Une nouvelle peinture d’Histoire née de la « bataille du réalisme »

Taslitzky, comme Fougeron et Pignon, s’inscrit dans la lignée de Gromaire et de Léger pour la défense et la promotion d’un art social. Leur peinture cherche à capter l’intensité du vivant, le quotidien d’anonymes, la manière dont ils ont vécu les événements et les traces qu’ils ont laissées, transfiguration de la réalité visible, construction qui tend à s’approcher du réel ressenti, ce mémorable « être au monde ». À la différence du réalisme socialiste que veulent généraliser Jdanov et l’URSS dans ces temps troubles du stalinisme triomphant et glorieux, le PCF avance, lors de cette bataille du réalisme, l’expression de Nouveau Réalisme, ouvert à une pluralité de styles picturaux.
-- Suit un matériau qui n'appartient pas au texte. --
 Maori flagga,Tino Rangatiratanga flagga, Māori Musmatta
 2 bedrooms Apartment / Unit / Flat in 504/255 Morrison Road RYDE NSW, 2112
Le réalisme n’a pas de caractère absolu. Les artistes cités ont pensé la réalité et l’ont traduite, peinture figurative engagée, chacun selon sa propre démarche esthétique.

Exposition à la Piscine, Roubaix, jusqu’au 29 mai. Catalogue, éditions Anagraphis et La Piscine, 304 pages, 380 illustrations, 30 €.